Ricordo le “schede” della trasmissione Rai che ha seguito la cerimonia d’apertura del mondiale, le immagini delle zone povere e di quelle ricche, la storia di Mandela e dell’Apartheid, di Desmon Tutu e della Raimbow nation. La tv non si è limitata a raccontare la manifestazione sportiva ma ha provato anche a raccontare l’Africa. In molti casi ha scelto di farlo per stereotipi, puntando su immagini evocative, su tutte quelle dei sorrisi e degli occhi dei bambini africani.
Ora non voglio analizzare trasmissione per trasmissione, puntata per puntata e scelta per scelta, mi basta una sola considerazione: la televisione italiana non è una televisione per neri. Quindi, il Sud Africa poteva essere raccontato solo da persone bianche. Mentre quasi tutte le immagini erano dedicate alla popolazione nera del Sud Africa, dimenticando la comunità bianca, negli studi televisivi italiani persone di colore non se ne sono viste.

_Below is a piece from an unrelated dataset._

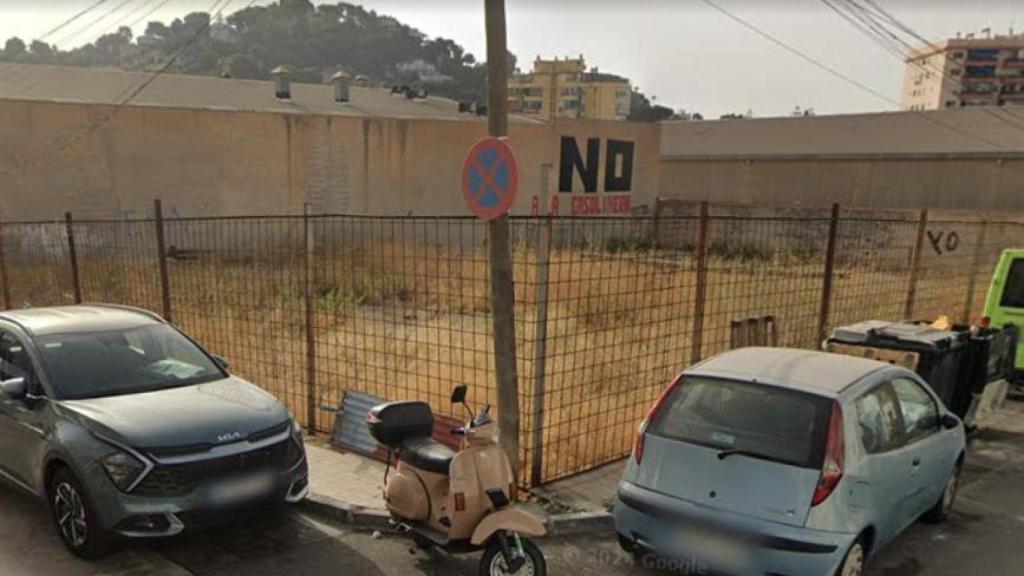 Imagen de la parcela donde se proyecta la gasolinera en La Pelusa, en Málaga.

La tv italiana non è abituata ad avere conduttori o ospiti di colore. Non se ne vedono mai. Speravo che dovendo raccontare un mondiale in Africa le scelte degli autori dei programmi potessero essere diverse. Non avrebbe avuto più senso se a raccontare la storia del Sud Africa o parlare del “Sud Africa oggi”, come ho spesso sentito dire, fossero stati cittadini sudafricani? Sia bianchi che neri, ma sudafricani. Sarà che la televisione in Italia è solo per i bianchi, eccezion fatta per Idris e Fidel Mbanga-Bauna.